DIRECTIONS FOR THIS TASK:
The records below hold pictures; please leave those out and retype the rest exactly.

####################

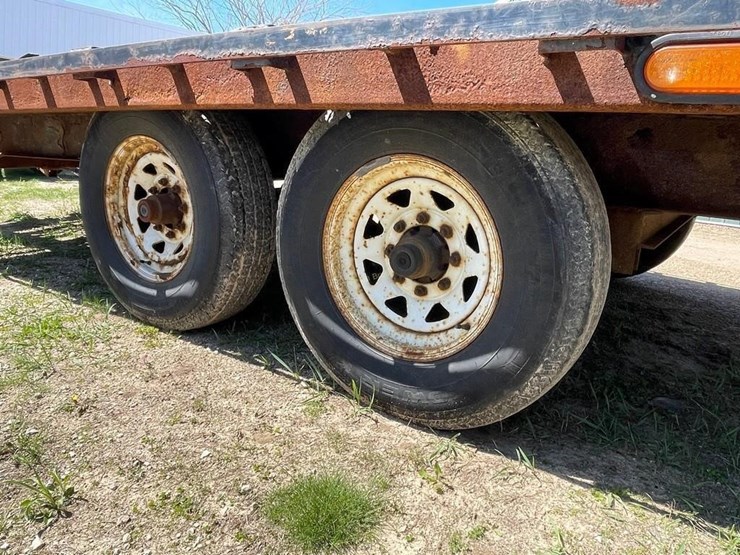 90"x26'+3'-tandem-axle-deck-over-trailer-image-4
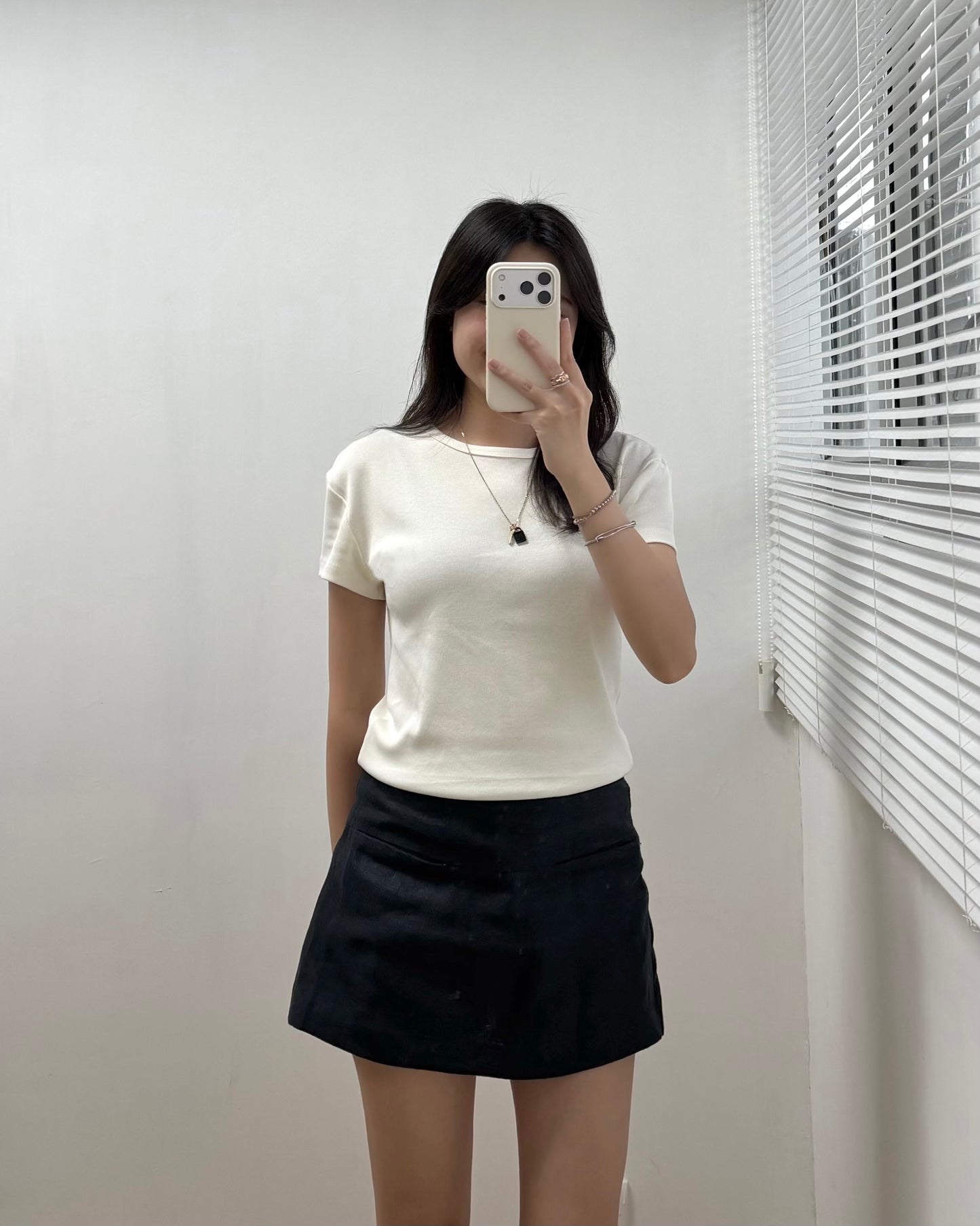 一字圓領Tee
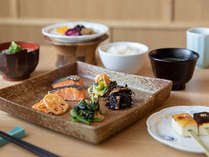 【朝食ビュッフェ】京都のおばんざいをお愉しみいただける和食メニュー。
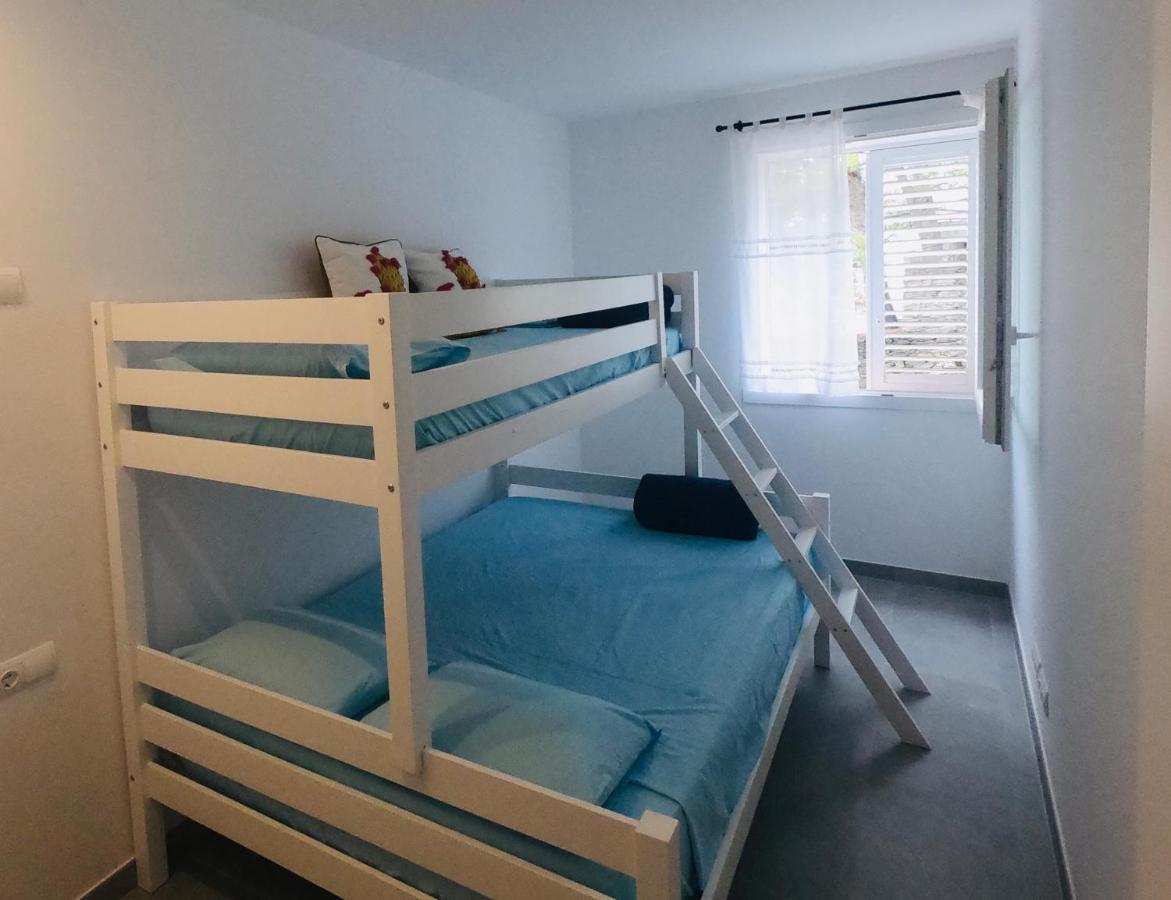 Apartamento Nuevo En El Centro Con Garaje 카다케스 외부 사진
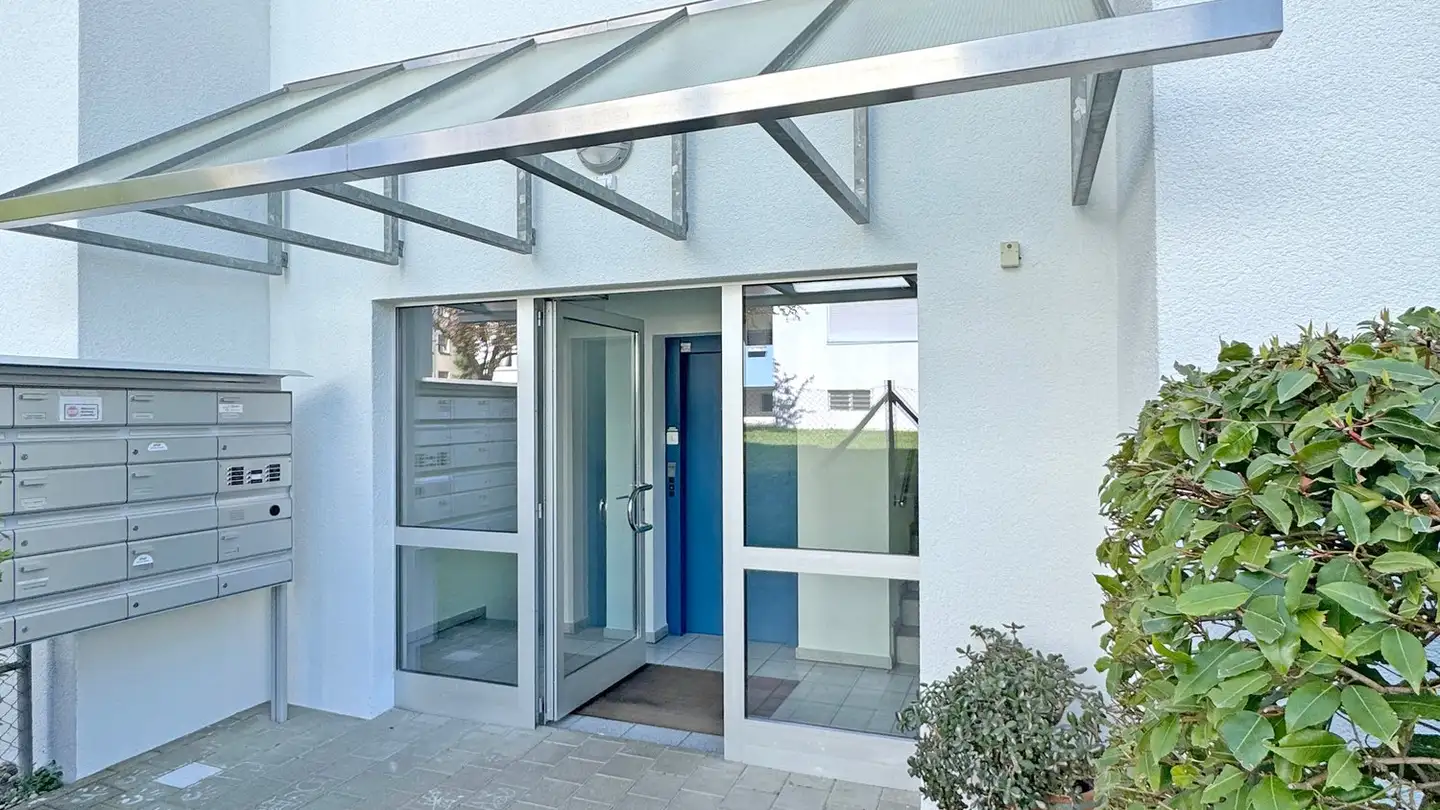 Dachgeschosswohnung kaufen - Im Feldacher 22, 8320 Fehraltorf - Foto 2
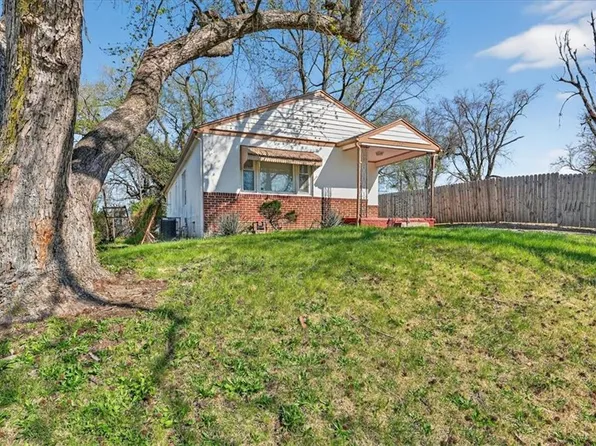 7205 Wabash Ave, Kansas City, MO 64132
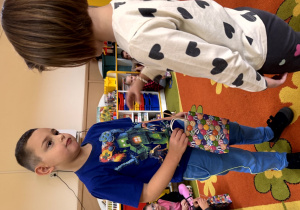 Koleżanka z grupy daje prezent chłopcu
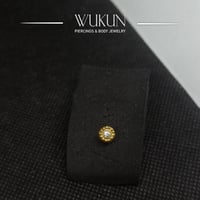 زمام بيرسينج ذهب عيار 18K دائرة منقوشة بفص أبيض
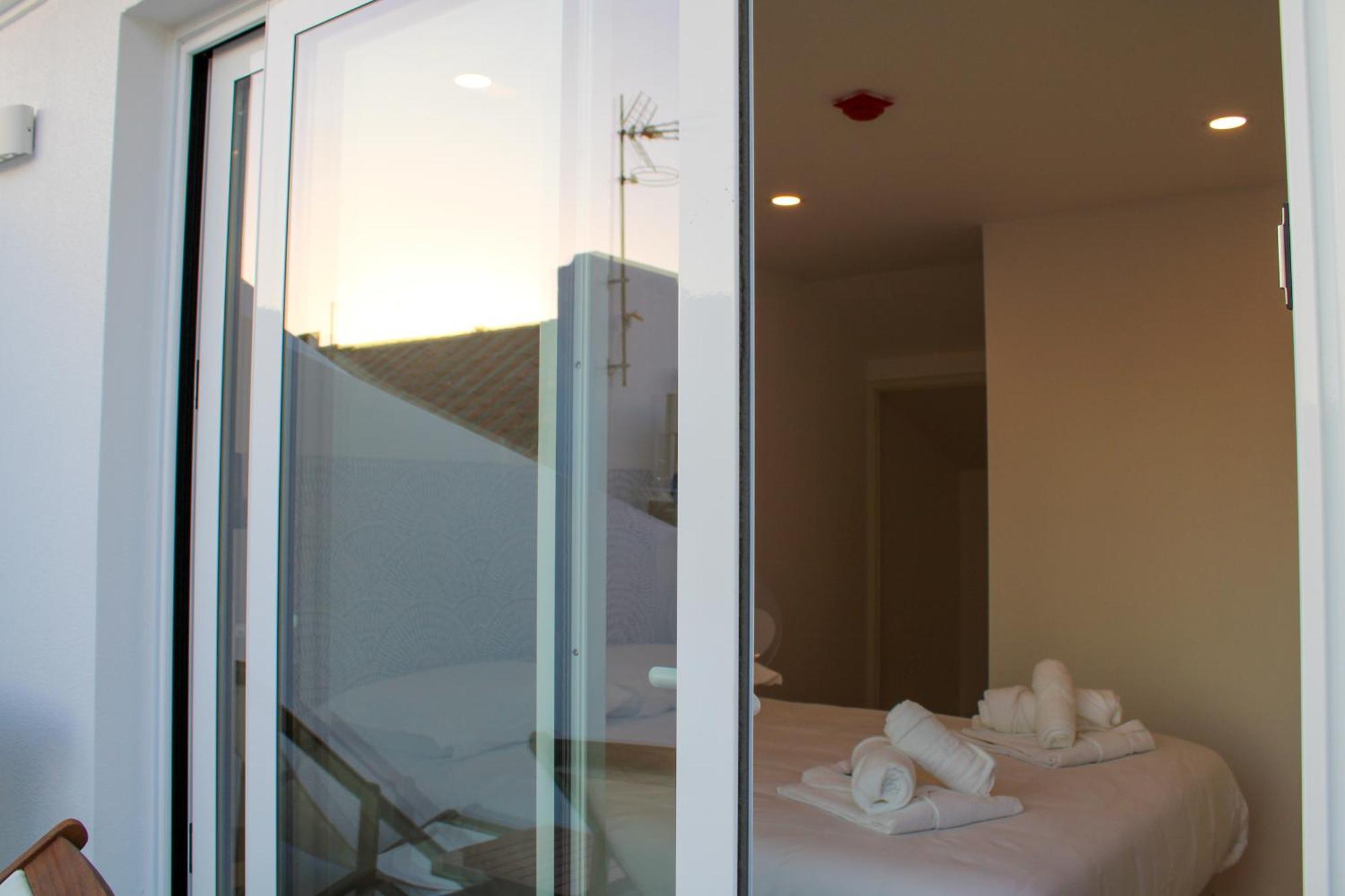 Casa Dos Cucos Hostel Ericeira Ngoại thất bức ảnh
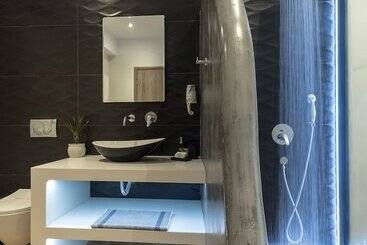 هتل Sette Suites & Rooms   Adults Only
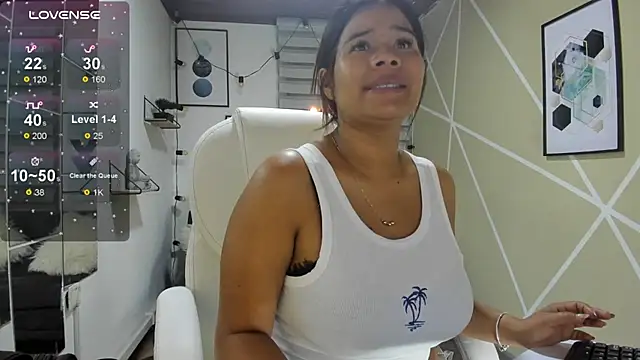 Enma  clark online show from 3, 2, 2026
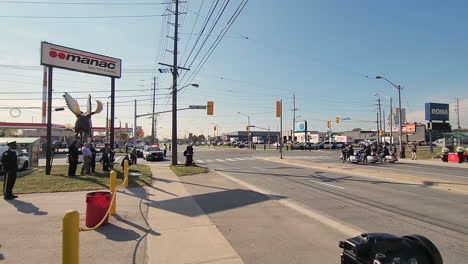 Crowd-Watching-Officer-Beerdigung-In-Toronto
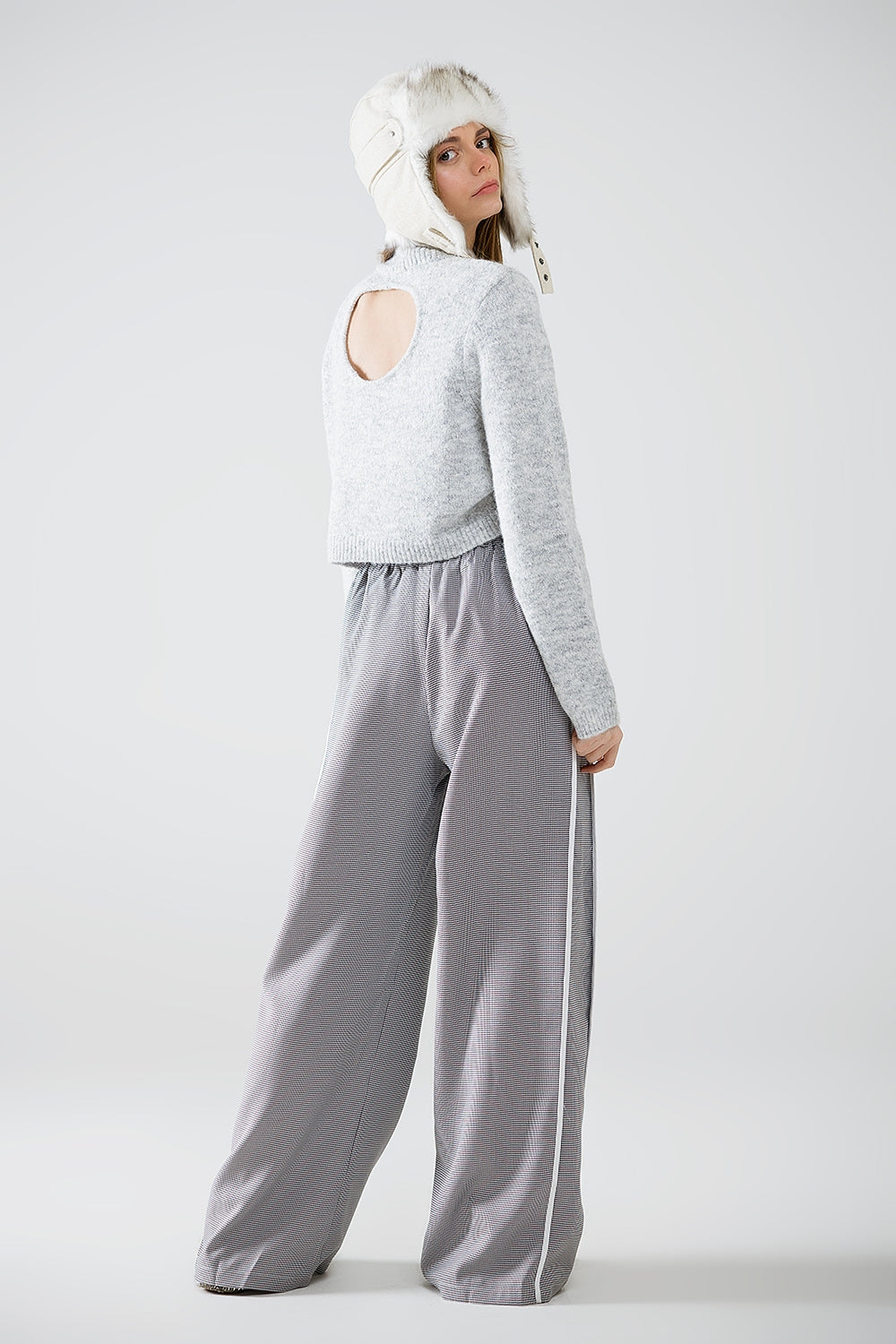 Soft Elegance Open-Back Sweater in Grey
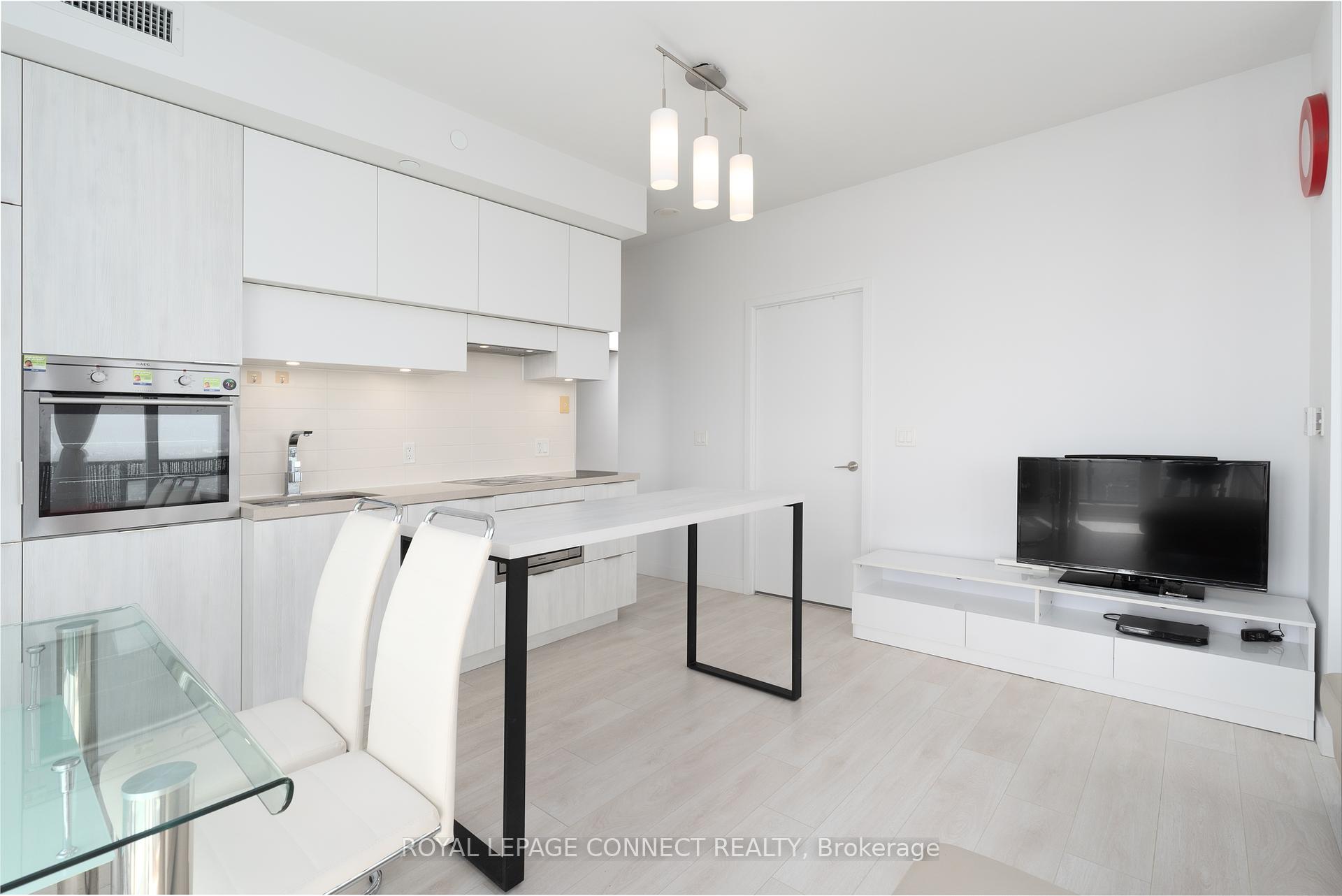2 Bedrooms Condo at 8 Eglinton, Toronto For sale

####################

ANSWER TO THIS TASK:
 90"x26'+3'-tandem-axle-deck-over-trailer-image-4
 一字圓領Tee
 【朝食ビュッフェ】京都のおばんざいをお愉しみいただける和食メニュー。
 Apartamento Nuevo En El Centro Con Garaje 카다케스 외부 사진
 Dachgeschosswohnung kaufen - Im Feldacher 22, 8320 Fehraltorf - Foto 2
 7205 Wabash Ave, Kansas City, MO 64132
 Koleżanka z grupy daje prezent chłopcu
 زمام بيرسينج ذهب عيار 18K دائرة منقوشة بفص أبيض
 Casa Dos Cucos Hostel Ericeira Ngoại thất bức ảnh
 هتل Sette Suites & Rooms   Adults Only
 Enma  clark online show from 3, 2, 2026
 Crowd-Watching-Officer-Beerdigung-In-Toronto
 Soft Elegance Open-Back Sweater in Grey
2 Bedrooms Condo at 8 Eglinton, Toronto For sale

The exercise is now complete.